- Chinese: 田尾湴 (田梅洞)

Standard Mandarin
- Hanyu Pinyin: Tiánwěibàn (Tiánméidòng)

= Tianweiban =

Tianweiban, formerly known as Tianmeidong, is a village in Donglu Town, Wenchang County, Hainan, China with a population of roughly 50 people in 10 households.

==Name change==
The inhabitants of Tianmeidong changed their village's name in 2007 on the advice of a feng shui master, in hopes that it would bring them prosperity. The villagers were not entirely clear on the meaning of the new name, only that the obscure final character was pronounced the same as "to bump (碰)" in their local dialect of Hainanese. The change began to cause inconvenience for the villagers because officials did not know how to enter the character into computers; villagers found themselves unable to obtain identity cards, marriage certificates, and other documents as a result.

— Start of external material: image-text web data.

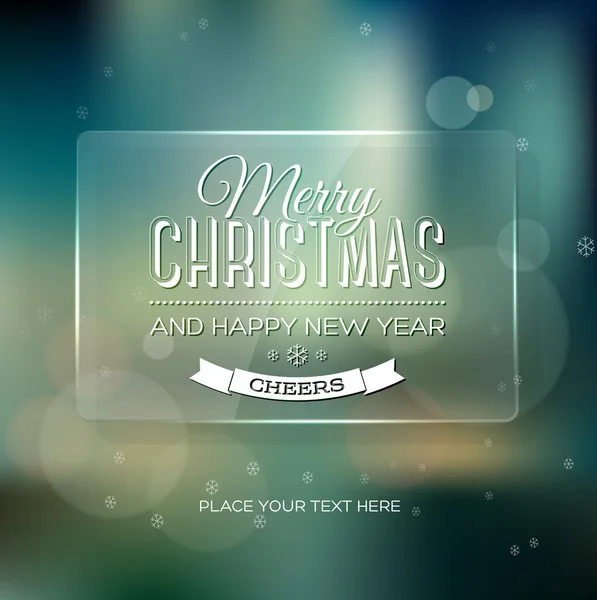 Vector vintage soft blurry teal christmas greeting card — Stock Vector
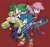 Size: 1871x1748 | Tagged: safe, artist:marimo838, sonia the hedgehog, sonic the hedgehog, hedgehog, sonic underground, brother and sister, drums, drumstick, grin, guitar, holding something, keyboard (instrument), looking at viewer, manic the hedgehog, mouth open, musical instrument, playing music, red background, siblings, simple background, smile, standing, trio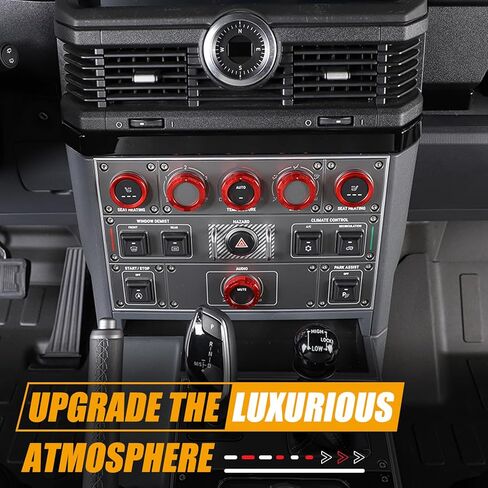 غطاء مقبض زر تبديل مكيف الهواء متوافق مع INEOS Grenadier 2020-2024 سبائك الألومنيوم زر تيار متردد ملحقات السيارة الداخلية مقبض وحدة التحكم المركزية (أحمر) in Kuwait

The final character in the village name, which means "deep mud", is present in the Big5 standard commonly used for traditional Chinese characters, where it has the code D5E4, as well as in Unicode, where its code point is U+6E74. Although it is absent from GB 2312, an old character encoding standard used in the China, the newer character sets GBK and GB 18030, which supersede GB 2312, do contain the character, encoded as 9CB0. News reports in both China and Hong Kong referred to the character by describing its shape, rather than printing the actual character in question.